[THE RECORDS]:
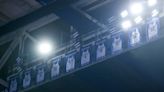 Who are the Kentucky basketball greats with jerseys hanging in the Rupp Arena rafters?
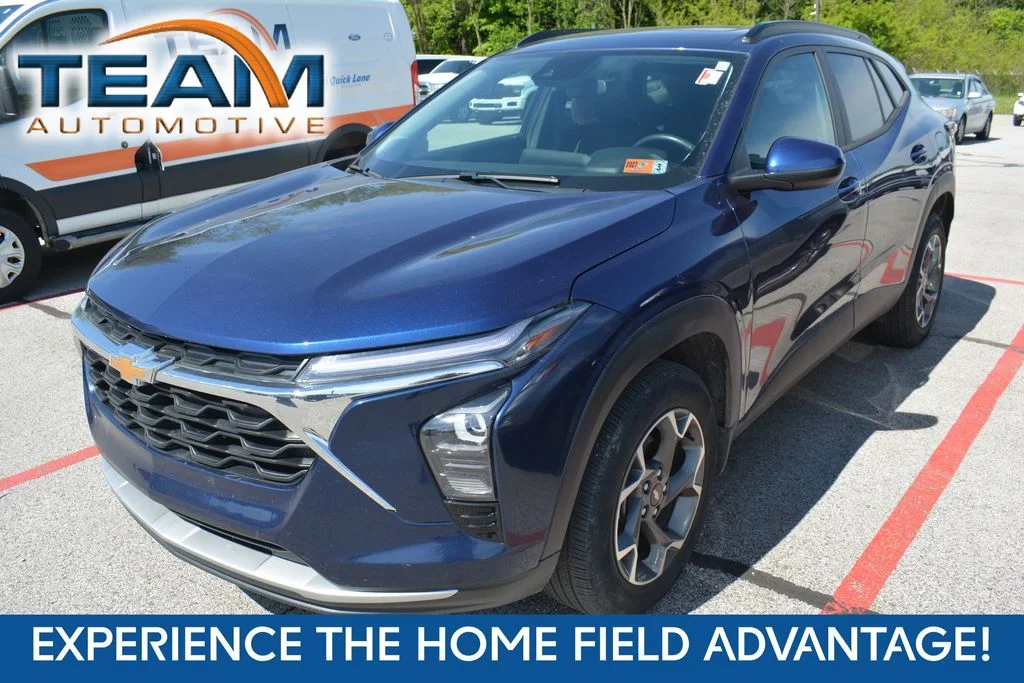 2024 Chevrolet Trax LT's photo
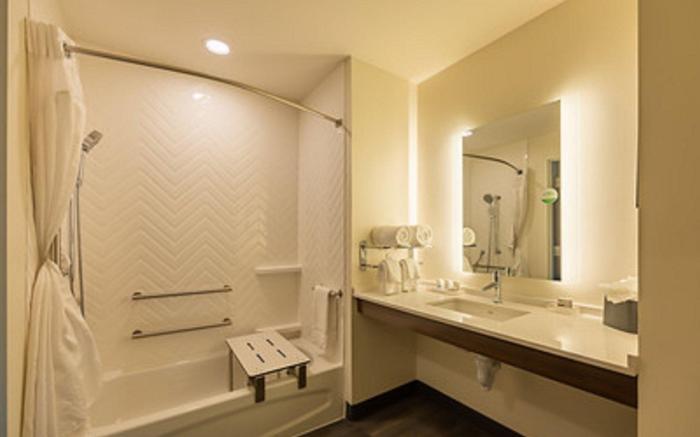 Courtyard by Marriott Atlanta Dunwoody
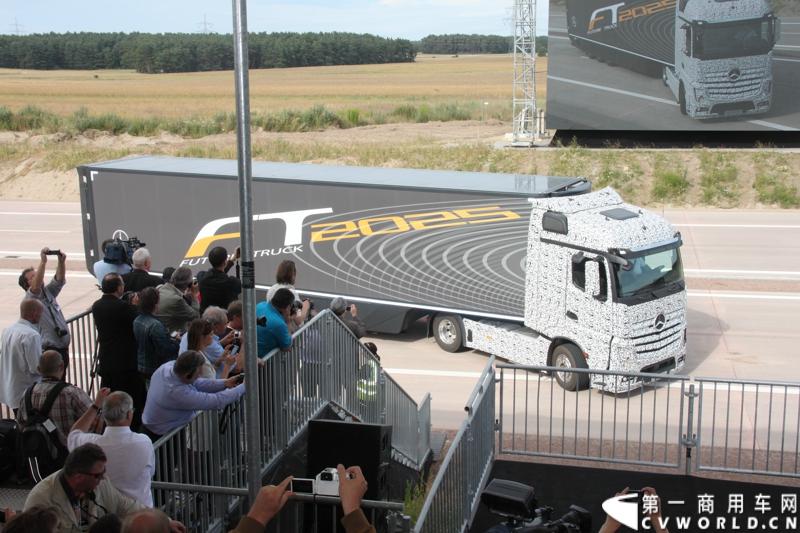作为戴姆勒卡车“重塑未来运输”计划的一部分，梅赛德斯-奔驰未来卡车2025不仅将节约能耗，降低尾气排放，同时将确保最高水准的道路交通安全性。梅赛德斯-奔驰未来卡车2025在全球首发中展现出与众不同的非凡性能，在德国马格德堡A14号公路的实际路况下，时速高达80公里/小时。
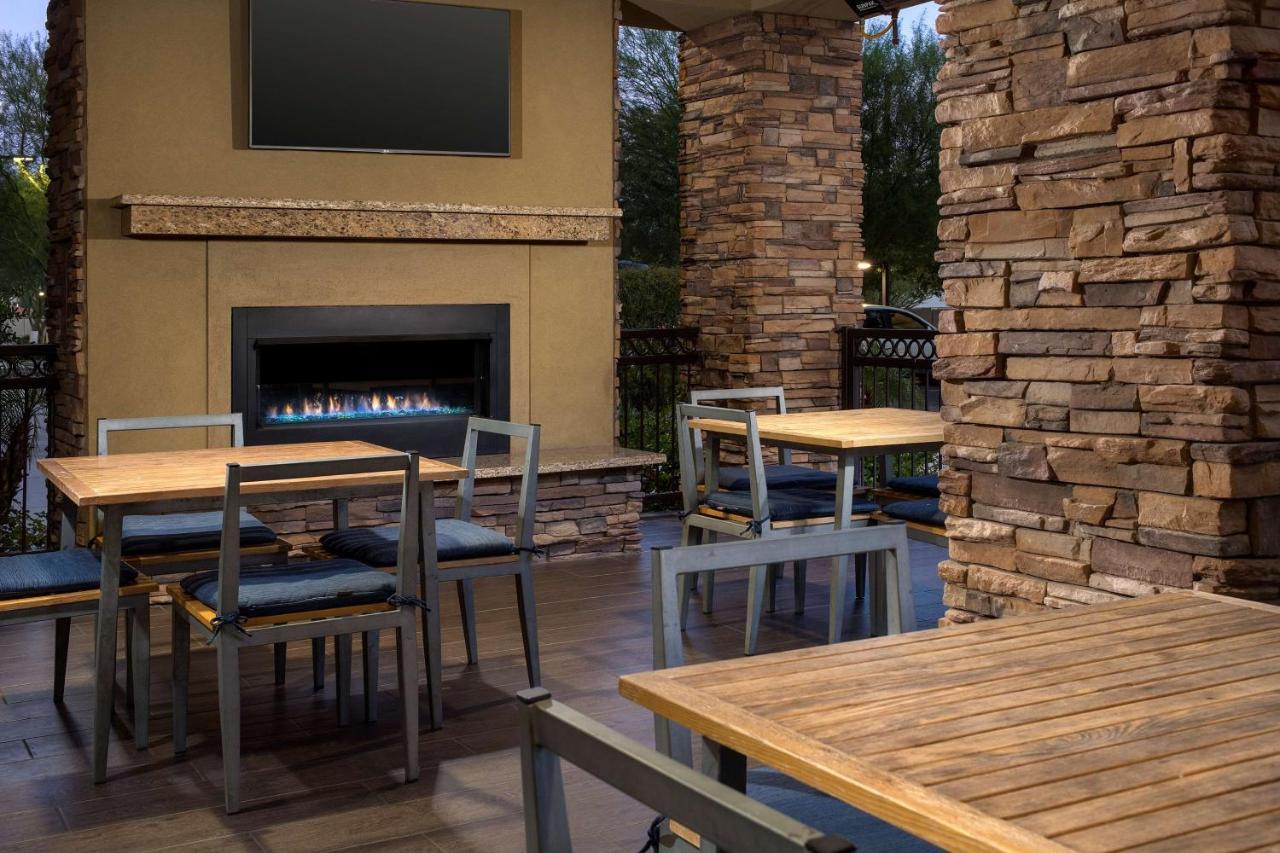 Hampton Inn & Suites Phoenix/Tempe Exterior photo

[TRY IT]: The entries are to be written out again exactly, without their pictures.

[WRITTEN REPLY]:
 Who are the Kentucky basketball greats with jerseys hanging in the Rupp Arena rafters?
 2024 Chevrolet Trax LT's photo
 Courtyard by Marriott Atlanta Dunwoody
作为戴姆勒卡车“重塑未来运输”计划的一部分，梅赛德斯-奔驰未来卡车2025不仅将节约能耗，降低尾气排放，同时将确保最高水准的道路交通安全性。梅赛德斯-奔驰未来卡车2025在全球首发中展现出与众不同的非凡性能，在德国马格德堡A14号公路的实际路况下，时速高达80公里/小时。
 Hampton Inn & Suites Phoenix/Tempe Exterior photo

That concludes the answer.